See Site backup for more specific information.

Install the new Moodle software

Upgrading can be a simple process or a more complicated process. Sites that have not used contributed code and are migrating from say Moodle 2.x.1 to 2.x.3 should not have a problem. However, we still recommend that with any production server that you have made a successful backup of the MySQL database, the moodledata directory and the moodle program folders and files.

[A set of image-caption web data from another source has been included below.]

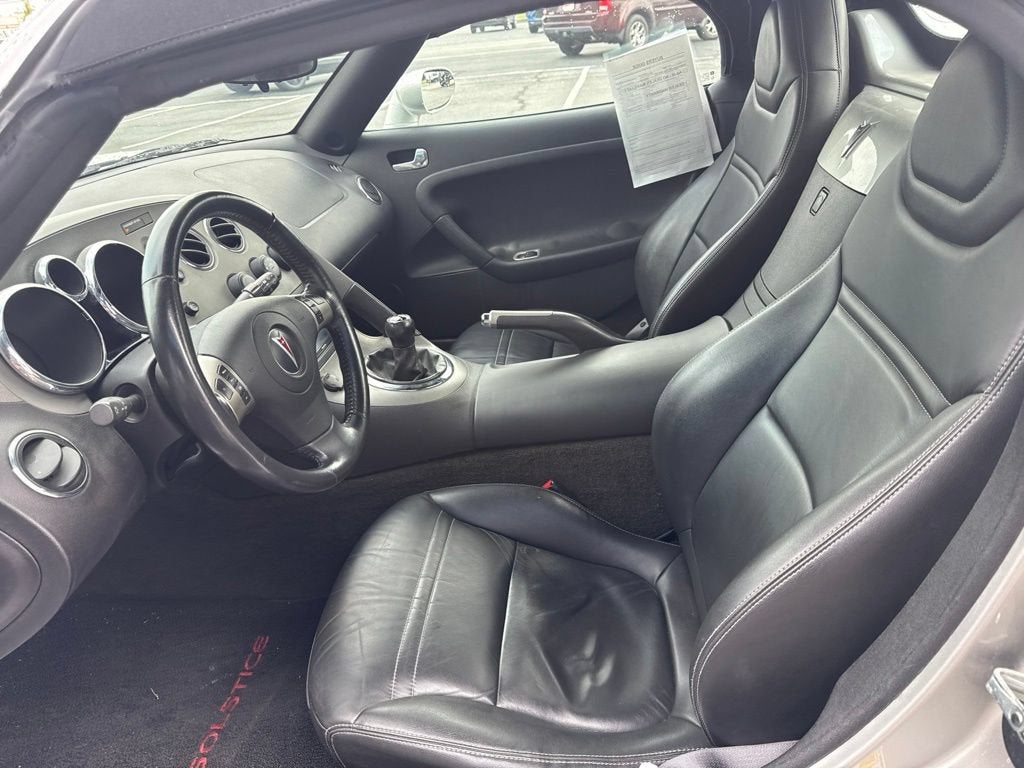 2006 Pontiac Solstice 2DR CONV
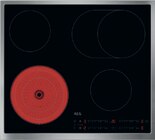 GERÄTESET Kochfeld EK60RX1 und Backofen EB 32B Angebote von AEG bei Die Möbelfundgrube Bad Kreuznach für 799,00 €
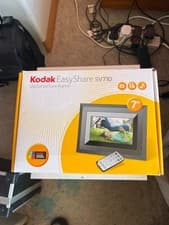 Image of Kodak EasyShare SV710 Digital Picture Frame 7-inch BRAND NEW BOXED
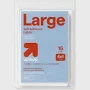 up&up Self-Adhesive Peel and Stick Labels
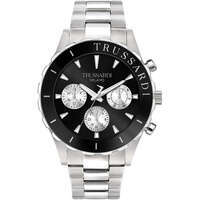 orologio cronografo uomo trussardi t-logo r2453143004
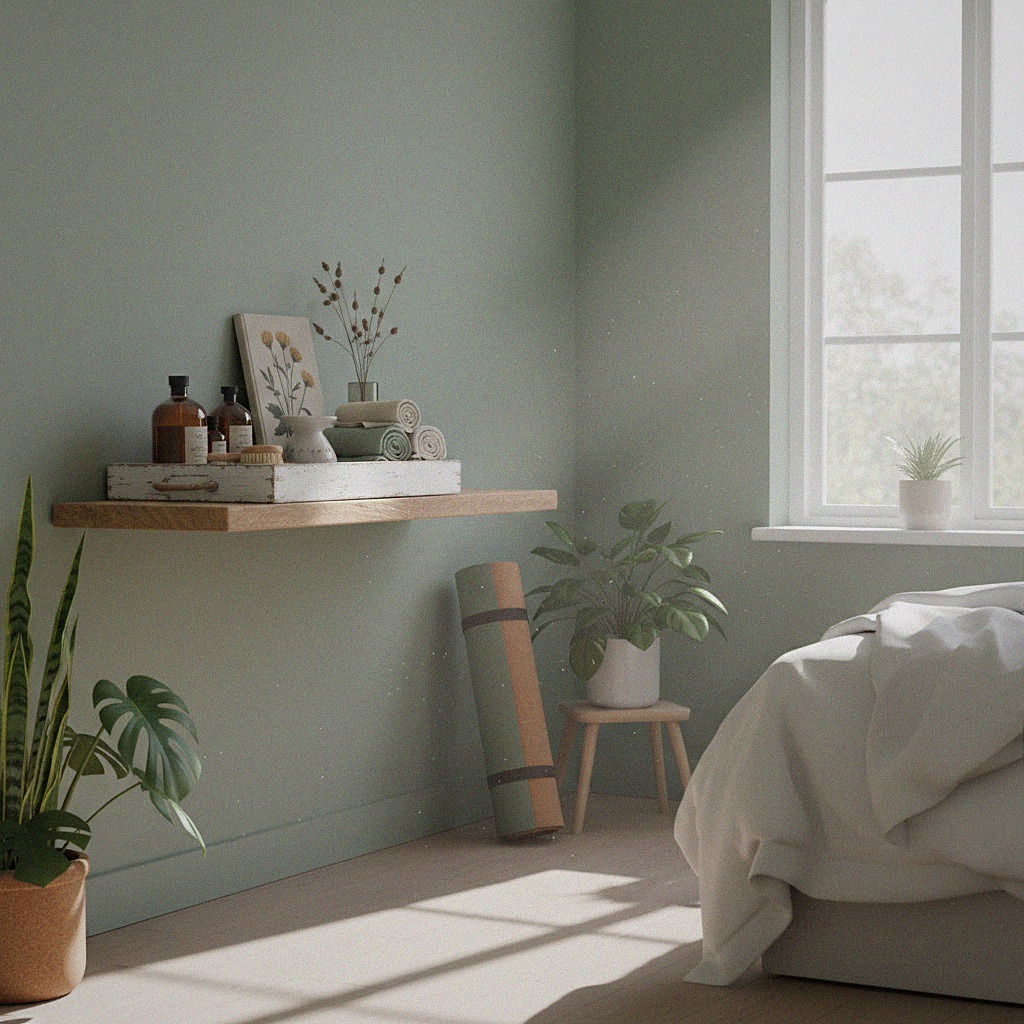 14-Piece Vintage Self-Care Gift Basket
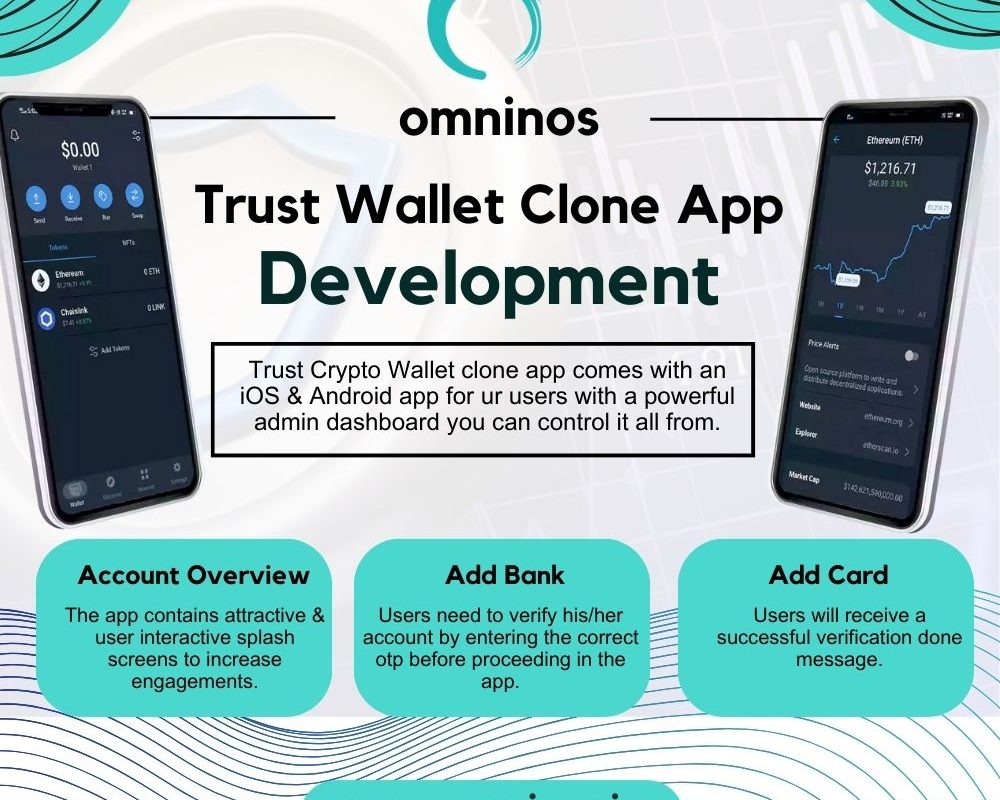 Trust wallet clone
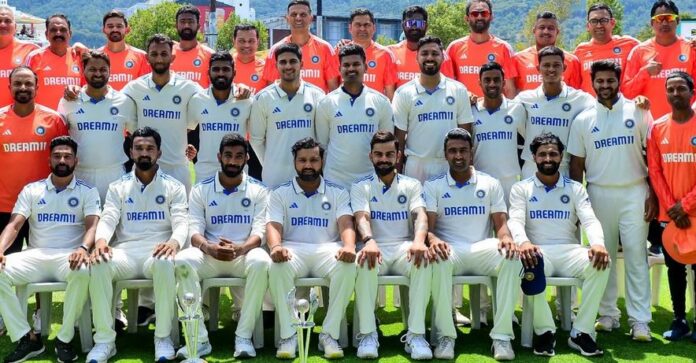 IND vs ENG Test Series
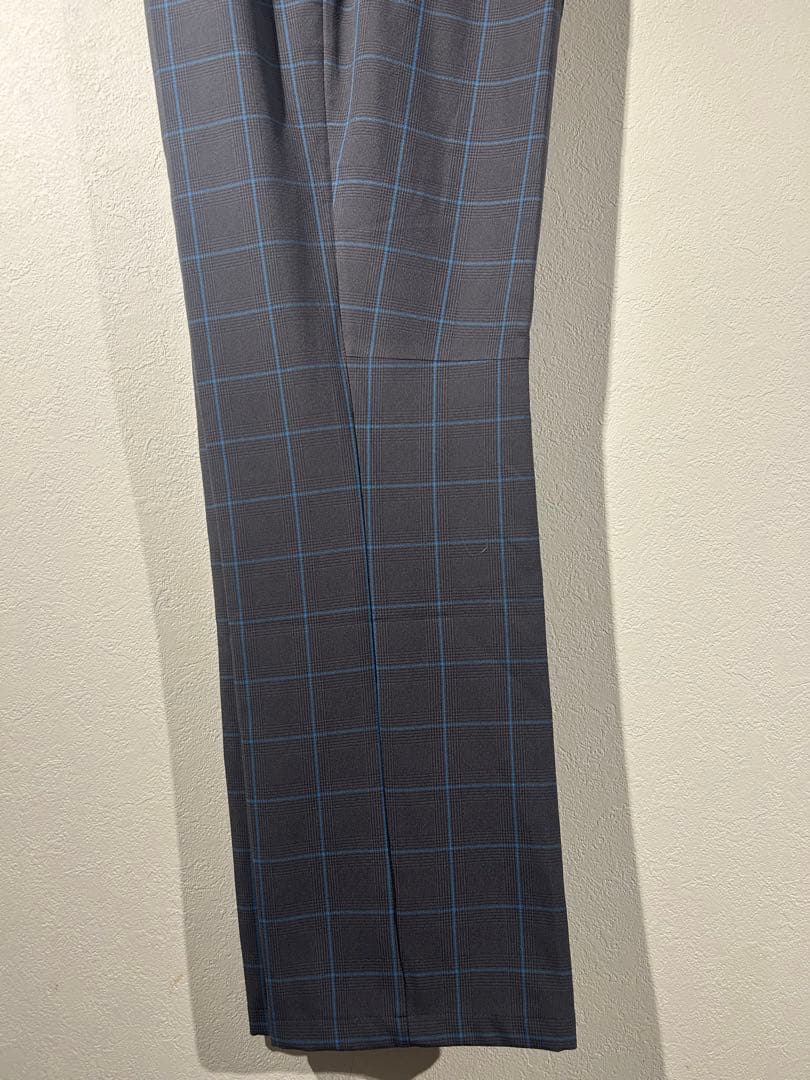 NIKE GOLF タイガーウッズコレクション チェックパンツ 32inch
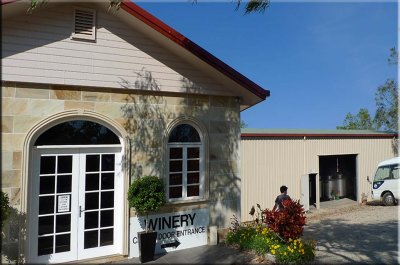 Boutique winery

  • Do not overwrite an old installation unless you know what you are doing ... sometimes old files can cause problems in new installations. Review the backup section above.

Standard install package

  • Having moved your old Moodle software program files to another location, unzip or unpack the upgrade file so that all new the Moodle software program files are in the location the old files used to be in on the server. Moodle will adjust SQL and moodledata if it needs to in the upgrade.
  • Copy your old config.php file back to the new Moodle directory. If you've defined individual blocks for new courses you have to delete 'admin' block definition and replace by 'settings' for the new block.
  • If you had added any custom plugins or themes into your Moodle you can add them to the new code. It is important to check that you get the correct version for your new version of Moodle. You should check in the optional plugins database. Be particularly careful that you do not overwrite any code in the new version of Moodle.
  • Use the notification link in the site administration to start the upgrade process. You will see a series of lines or screens indicating progress.
  • After a successful upgrade, turn off the maintenance mode, so your users can get into the site.

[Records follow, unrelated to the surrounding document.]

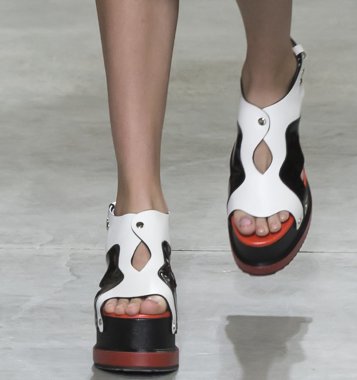 Proenza Schouler - bahar 2017 koleksiyonu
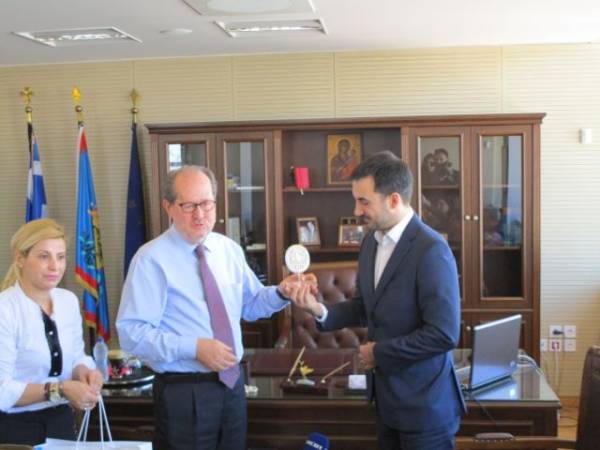 Χρηματοδότηση Φεστιβάλ Χορού και δρόμων της Αλαγονίας (βίντεο)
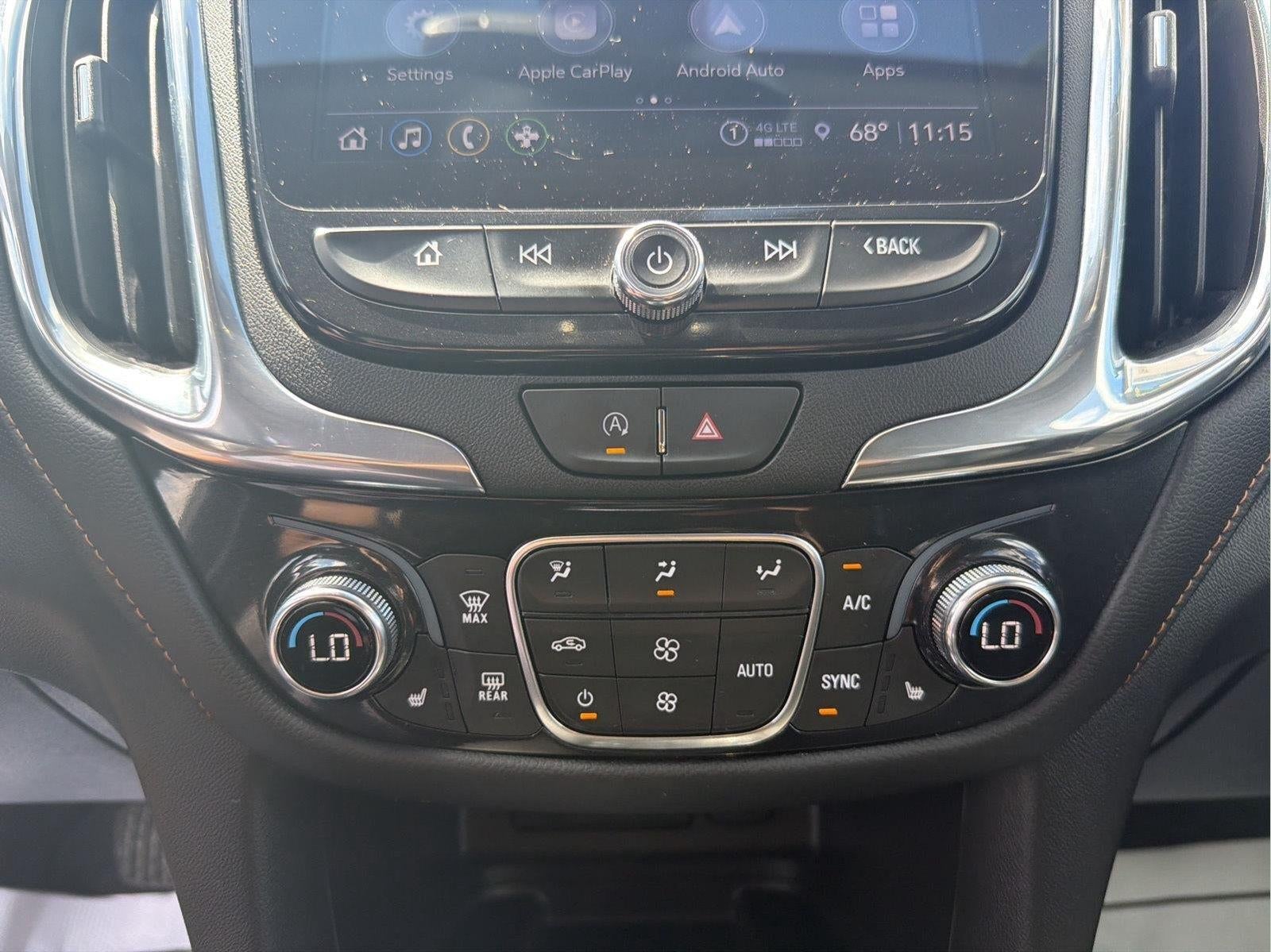 2022 Chevrolet Equinox Premier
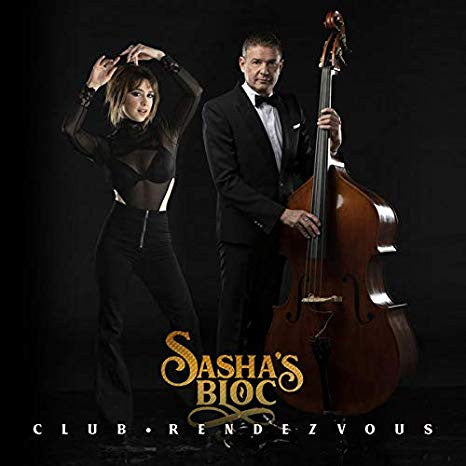 SASHA'S BLOC - CLUB RENDEZVOUS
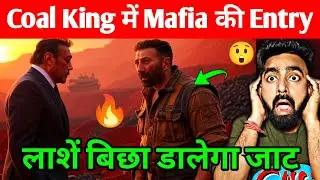 Sunny Deol New Movie | Border 2 Trailer Lahore 1947 Trailer Coal King Jaat Movie Baap Trailer Soorya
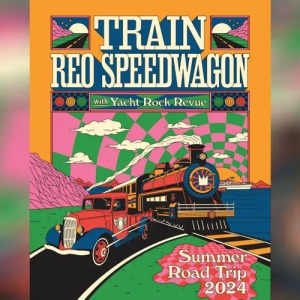 Train & Reo Speedwagon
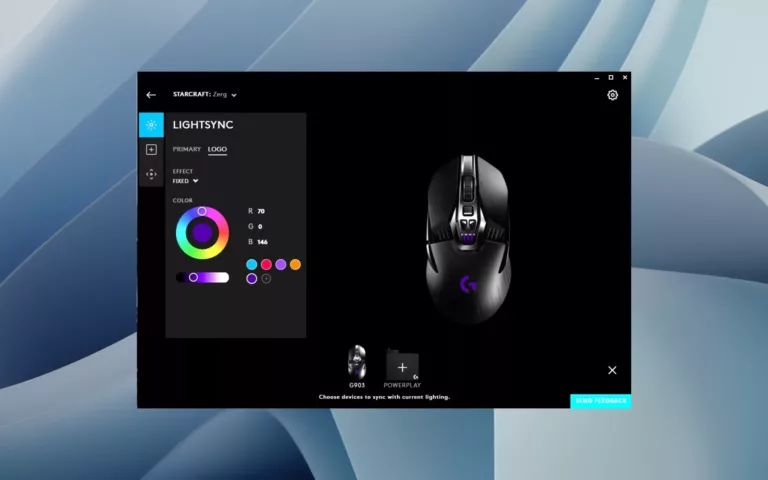 Troubleshooting Logitech G Hub Not Detecting Games 7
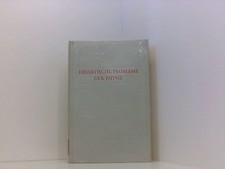 Didaktische probleme physik gebraucht kaufen  Berlin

Using a downloaded archive

In some installs, the site administrator may overwrite the Moodle code with a backup copy. Or create a new clean install copy of Moodle, then restore an archive (via a compressed file or parts of a saved set of Moodle code files and folders).

  • Do not overwrite an old installation unless you know what you are doing ... sometimes old files can cause problems in new or "cleaned" installations. The best way is to rename the current Moodle code directory (for example rename "moodle" to "moodleold"), then unpack the new Moodle archive into the old location (for example, a new directory called "moodle").


mv moodle moodle.backup
tar xvzf moodle-1.1.tgz

Next, copy across your config.php, any other plugins such as custom themes, and your .htaccess file if you created one (check that optional/custom plugins are the correct version for your new Moodle first):

cp moodle.backup/config.php moodle
cp -pr moodle.backup/theme/mytheme moodle/theme/mytheme
cp -pr moodle.backup/mod/mymod moodle/mod/mymod

Don't forget to make moodle/config.php (and the rest of the source code) readable by your www server. Ideally the files should not be writable by your server.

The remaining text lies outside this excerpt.